At day 3 (Figure 4), all samples showed decreased cellular proliferation when compared to the pure TCP control with ZnO-TCP samples having significantly lower living cells. At day 7 (Figure 1), both ZnO-TCP and MgO-TCP samples had significantly greater amount of live cells when compared to the pure TCP controls, while the SiO₂-TCP and SrO-TCP samples where comparable in live cell density to the pure TCP controls. By day 11 (Figure 2/5) SiO₂-TCP and SrO-TCP had lower live cell density, ZnO-TCP had comparable cell density and MgO-TCP showed increased cellular density when compared to pure TCP controls.

Figure 4.

MTT measurements for cellular proliferation and Runx2 fluorescent measurements for cellular differentiation at day 3 for SiO₂, ZnO, SrO, MgO doped and pure TCP samples. Data is normalized to pure TCP control. Runx2 data is normalized to MTT measurements. *P < 0.05 (n=3)

Figure 1.

MTT measurements for cellular proliferation and ALP measurements for cellular differentiation at day 7 for SiO₂, ZnO, SrO, MgO doped and pure TCP samples. Data is normalized to pure TCP control. ALP data is normalized to MTT measurements. *P < 0.05 (n=3)

Figure 2.

MTT measurements for cellular proliferation and ALP measurements for cellular differentiation at day 11 for SiO₂, ZnO, SrO, MgO doped and pure TCP samples. Data is normalized to pure TCP control. ALP data is normalized to MTT measurements. *P < 0.05 (n=3)

Figure 5.

MTT measurements for cellular proliferation and Runx2 fluorescent measurements for cellular differentiation at day 11 for SiO₂, ZnO, SrO, MgO doped and pure TCP samples. Data is normalized to pure TCP control.
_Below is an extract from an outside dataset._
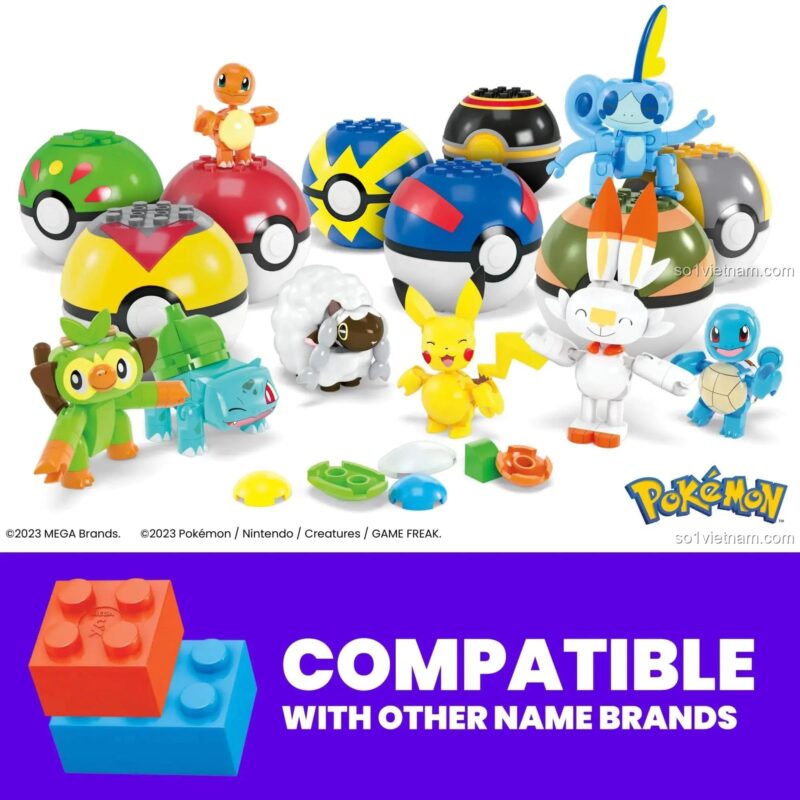 Các nhân vật Pokémon lắp ráp từ Bộ 8 Pokémon Trainerteam Mega Bloks HTJ75, đồ chơi phát triển trí tuệ cho bé 6 tuổi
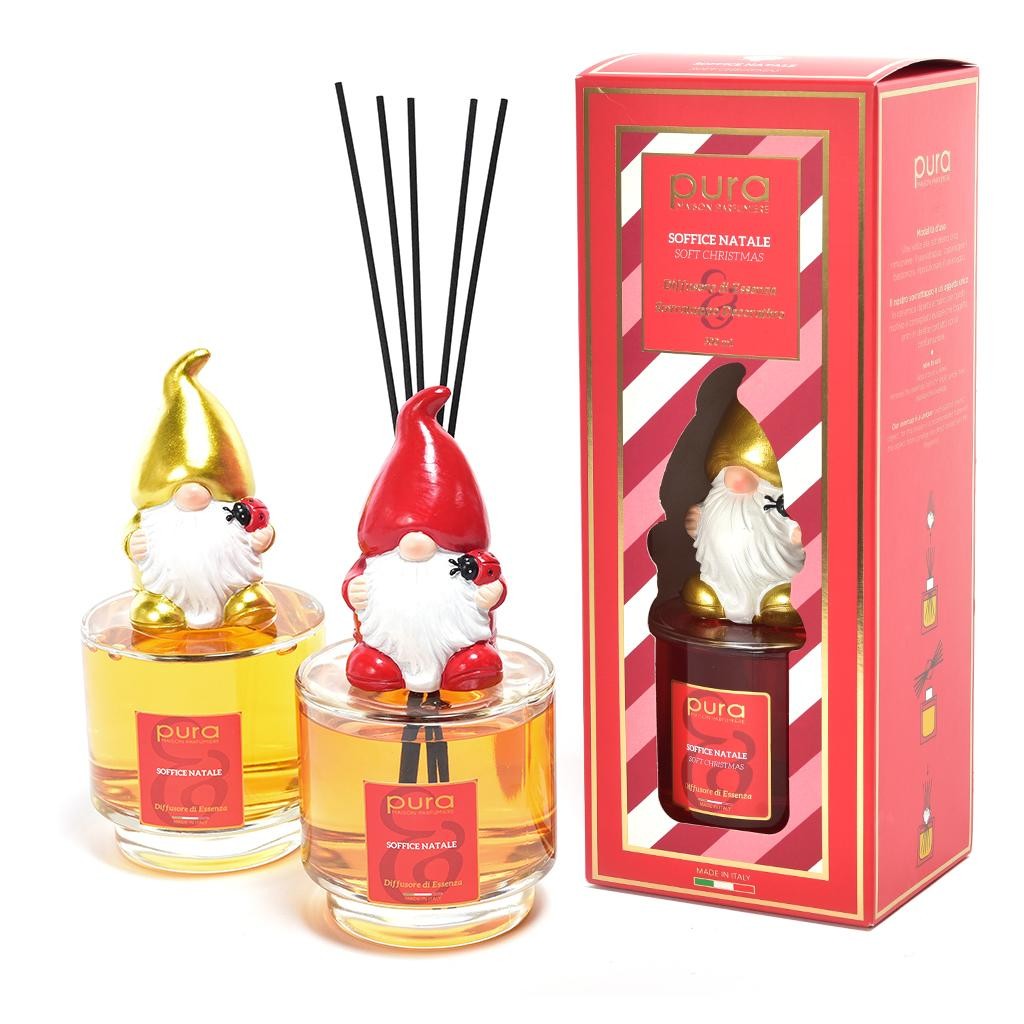 55443 8056001099293 99293 MERCURY diffusore di essenza christmas elf con bacchette in cotone 500ml soffice natale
Runx2 data is normalized to MTT measurements. *P < 0.05 (n=3)

3.2 Cellular morphology

Micrographs depicting cellular morphology are given in Figure 3. At day 3 all samples demonstrated a barely visible confluent monolayer of cells. At day 7, a second layer of cells was reaching confluency on all samples. By day 11, all samples showed multiple layers of cells with evidence of early stages of mineralization.

Figure 3.

FESEM micrographs depicting hFOB cell morphology after 3, 7 and 11 days in culture

3.3 Alkaline phosphatase activity

Expression of ALP was evaluated for hFOB cells cultured on SiO₂-TCP, ZnO-TCP, SrO-TCP, MgO-TCP and pure TCP samples. Results after 7 and 11 days of culture are shown in Figure 1 and Figure 2, respectively. At day 7, ALP activity was significantly lower in all doped samples when compared to the pure TCP samples. At day 11, ZnO-TCP and SrO-TCP samples demonstrated higher ALP activity, while SiO₂-TCP samples had decreased activity and MgOTCP samples had comparable activity to the pure TCP control samples.

3.4 Runx2 activity

Expression of Runx2 in osteoblast cells cultured on doped and pure TCP samples were evaluated at days 3 and 11. Results for fluorescent area scans for day 3 are given in Figure 4 and results for day 11 are given in Figure 5. Confocal micrographs for each day are shown in Figure 6, where cellular nuclei fluoresce in red and green indicates Runx2 expression. At day 3, SiO₂-TCP, ZnO-TCP and SrO TCP all showed increased Runx2 expression when compared to pure TCP samples, with SiO₂-TCP and ZnO-TCP samples being significantly greater. MgO doped samples showed less Runx2 activity, but not at a significant level. At day 11, samples containing SiO₂ and ZnO had comparable Runx2 expression to pure TCP control samples, while both SrOTCP and MgO-TCP samples had decreased Runx2 expression. The MgO-TCP samples demonstrated significantly lower Runx2 expression than the pure TCP samples. In general, when compared with day 3 data, Runx2 expression decreased for all samples with respect to pure TCP. Confocal micrographs confirm the results of the quantitative fluorescent area scans, showing similar patterns of Runx2 expression.

Figure 6.

Confocal micrographs showing Runx2 expression in hFOB cells at 3 and 11 days. Green fluorescence indicates active Runx2; red fluorescence indicates propidium iodide bound to the nuclei of cells.

4. Discussion

Previous studies have well characterized the inherent material properties associated with these dopants [6,7,9,10]. The use of isostatic pressing, eliminates most of the inherent density differences associated with dopant addition, resulting in a very high average density ranging from 95% - 98% (Table 1) with no statistically significant differences detected. Studies have also shown that the addition of any single dopant used in this study has the ability to reduce α phase formation associated with a high sintering temperature when compared to the pure TCP samples [6,7,9,10]. These two properties are extremely important when thinking about potential differences in dissolution between sample types. The pure control composition has higher alpha phase so its dissolution rate will be higher than its doped experimental samples if the densities are similar, however, dissolution rate will be minimal considering the time frame of the study as seen in previous studies [33,34]. It is well documented that increased Ca²⁺ and P⁵⁺ can positively affect cellular differentiation and proliferation [35–37], but the results observed in this study demonstrated that samples containing dopants had significant positive effects when compared to the pure composition. It is then very likely, then, that the cells are responding to the dopants rather than Ca²⁺ or P⁵⁺ due to differences in dissolution.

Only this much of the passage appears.